Castellated battlements throw jagged shadows, the flags of Granada, Spain and Andalusia flapping in a late spring breeze; that of the European Union a reminder of Napoleon’s retreating army mining the place before leaving, this World Heritage wonder only saved by a Spaniard cutting the fuse to a French stash of gunpowder.
70km south lay a snow-capped mountain horizon, our destination Las Alpujarras – 80-ish oasis villages straddling streams in Sierra Nevada foothills – higgledy-piggledy, white-washed boxes in jumbles of stark, scoured canyons; groves of almonds, olives, oranges and lemons, terraced pastures and rambling orchards: cherry, chestnut, fig, and flowers wild.
Later we stare from lofty Alhambran balconies, the sun sinking low, over brumous canyon depths and the Moorish Albaicin. Cool mountain breezes roam rustic walls, gardens and alleys. Fountains splash below scalloped porticos and shadowed halls.
Boabdil would finally depose his father in 1482, only to be captured the very next year by Castilian Catholic armies; his own son taken hostage as security and Boabdil left as caretaker only. After 6yrs’ war with his father and uncle, Boabdil was again besieged by Castilian armies, exiled to Las Alpujarras and mostly remembered for leading a small band of dejected followers to a mountain pass and bursting into tears when turning back to gaze on a distant Alhambra for one last time: his lost ‘pearl set in emeralds’.
Our aim is to follow in the footsteps of Boabdil, the last Sultan; first stop the village of Lanjaron.
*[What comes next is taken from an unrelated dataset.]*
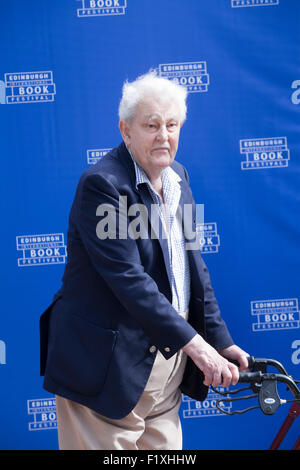 Tam Dalyell, ex lavoro MP, al Edinburgh International Book Festival 2015. Edimburgo, Scozia. 20 Agosto 2015 Foto Stock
The morning bus leaves Granada, reaching Lanjaron within the hour.
Another hour, and we’re by the fertile Guadalfeo River and the largest village – Orgiva – palisaded by lemon, olive and orange groves; the road finally climbing into the Sierra Nevada. At 1200m, Pampaneira has a busy village square with plastic café chairs, coloured rugs on merchants’ racks, gaggles of artisans’ stores side by side. Open channels gurgle and rush, water tumbling all the way to the River Poqueira. We buy sausage and bread, red wine and green olives.
Clusters of whitewashed homes cling to rock walls, skirted by twisting cobbled paths; terraces first tended by Moors planting mulberry trees to feed silkworms for busy Almería mills. Snowmelts become freshwater, the Sierra Nevada shelters villagers from the worst of freezing winter winds.
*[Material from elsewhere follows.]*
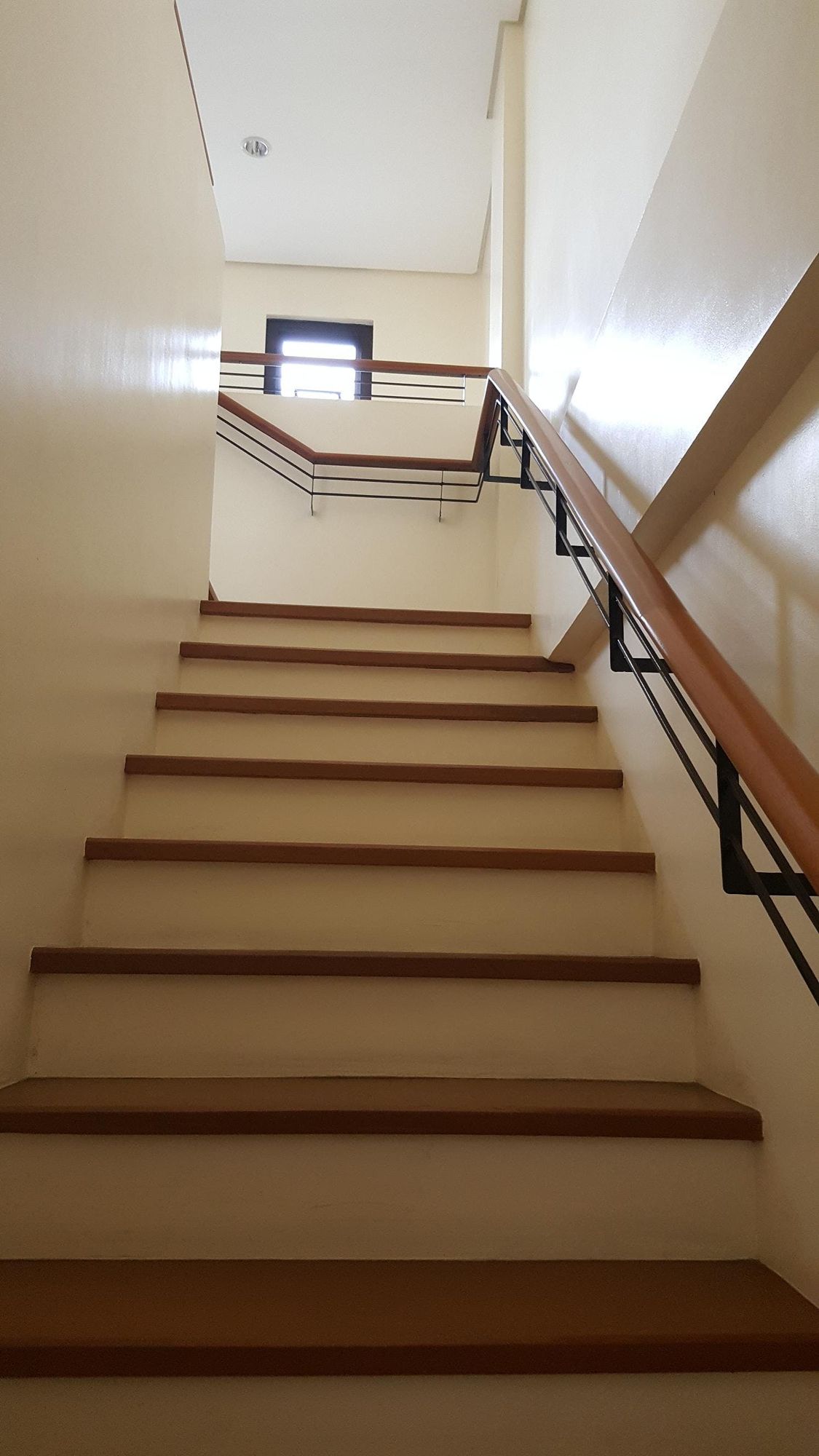 "3BR Townhouse for Rent in Roxas, Quezon City"06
Bubion is a mere 100m uphill; a winding gravel path between drifts of poppies: splashes of red that sprout from ancient rock piles, broken bricks and Moorish dreams. We pass orchards, poplars and vegetable plots. A crucifix hangs from a laundry wall, while cobbled paths wind under flower-filled balconies and past a 16th century church built by converted Moors. A ruined fortress sits silent.
Red and white trail markers line a narrow dirt road. We amble beneath chestnuts and holm oaks. Snow-powdered peaks hang from the relentless blue of Spanish skies. On a rubble track I stare north, along the ‘Ravine of Blood’, to another wave of a distant village: whitewashed blocks perched on a shimmering rocky saddle.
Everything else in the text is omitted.